EXCHANGE WITH EILEEN R. TABIOS ON DOVELION: A FAIRY TALE FOR OUR TIMES (AC Books, 2021)
Leny Mendoza Strobel: Your novel DOVELION: A Fairy Tale for Our Times (AC Books, 2021) (https://www.spdbooks.org/Products/9781939901194/dovelion-a-fairy-tale-for-our-times.aspx ) is expansive—art, poetry, history, shadow material, colonial adventures, love, ideologies. How did you decide on what kind of character would best embody these vast themes?
Eileen R. Tabios: In a way, I didn’t decide; the novel itself did—I approached the novel as I do a poem and so, as with the poem, the work wrote itself. The novel’s initial impetus came from two artificial constraints: (1) a person—Elena, the primary protagonist—keeps visiting a stranger at the stranger’s apartment, and (2) every time Elena does so, she begins a new section that starts with a “Once upon a time…”. Constraints don’t often constrain, but instead end up becoming freeing. We see that effect through the tradition of constraint-based writing, though I think its effect can occur non-literarily as well (e.g. some of the erotic encounters in the novel). So I began by exploring how long I could write with these constraints. And then the novel itself took over with forays into all the areas you mention, with no prior intent on my part for most of the themes the novel ended up addressing. As such, it’s a “poet’s novel” (or my type of poet’s novel) in that it’s written like a poem where trust is placed in language and the writing process itself to determine how the novel will unfold. My role as author was to educate myself as much as possible about the diversity of the world before putting the first word on the page. Then, as I write a poem or, in this case, the novel DOVELION, stuff I’d learned previously will bubble to the surface with no conscious intent to write about them. If I’d done my job well, I would have learned enough to be a great root source for good writing.
For example, long before I began drafting this version of DOVELION, I was exposed years ago to indigenous Filipino culture through the first conference sponsored by the Center for Babaylan Studies (CfBS) which you founded. I certainly did not know during CfBS’s first conference in 2010 that what I learned then about Filipino indigenous culture and decolonialism would come to inform a novel I’d release in 2021.
Having said that, there’s an element of discovering what I wanted to write *after* I’d read what I’d written. That is, among all the matters I’d previously learned, what grabbed me deeply enough—what was deeply interesting—such that they’d make their way into what I was writing.

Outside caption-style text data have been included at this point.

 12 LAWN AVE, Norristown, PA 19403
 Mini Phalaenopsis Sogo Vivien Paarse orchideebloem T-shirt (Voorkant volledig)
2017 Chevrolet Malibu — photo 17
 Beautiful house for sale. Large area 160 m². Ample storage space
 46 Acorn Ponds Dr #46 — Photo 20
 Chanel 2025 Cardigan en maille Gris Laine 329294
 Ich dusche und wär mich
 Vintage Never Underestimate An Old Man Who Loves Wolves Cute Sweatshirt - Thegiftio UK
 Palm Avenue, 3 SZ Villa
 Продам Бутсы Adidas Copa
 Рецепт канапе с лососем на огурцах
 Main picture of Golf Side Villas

This means I write what I want to read ahead of identifying it.
Strobel: How long has this story been incubating in your consciousness before you decided to write it? When you say the novel wrote itself, I’m reminded of the way some novelists say they wait for the characters to reveal themselves thru the process of writing.
Tabios: I agree about characters revealing themselves fully through the writing—there really is no shortcut to the writing itself. To the extent I had some intention, my original outline expected the novel to end at its second part; it was through the writing that Part 3 occurred. But I realize with hindsight that this novel was incubating as early as when I was a college student majoring in political science at Barnard College—so over three decades ago! During my college senior year, I wrote a paper on the Philippines—specifically the conflict of interest between the economic elite also being the political elite. It’s a conflict of interest because one wants to preserve or increase one’s own economic riches and yet a responsible politician would want to implement policies that enriches the wider population. As they say—and has been proven over and over—Power corrupts. This is seen in how the novel’s dictatorship is a dynastic regime, spanning three generations before it can become overthrown.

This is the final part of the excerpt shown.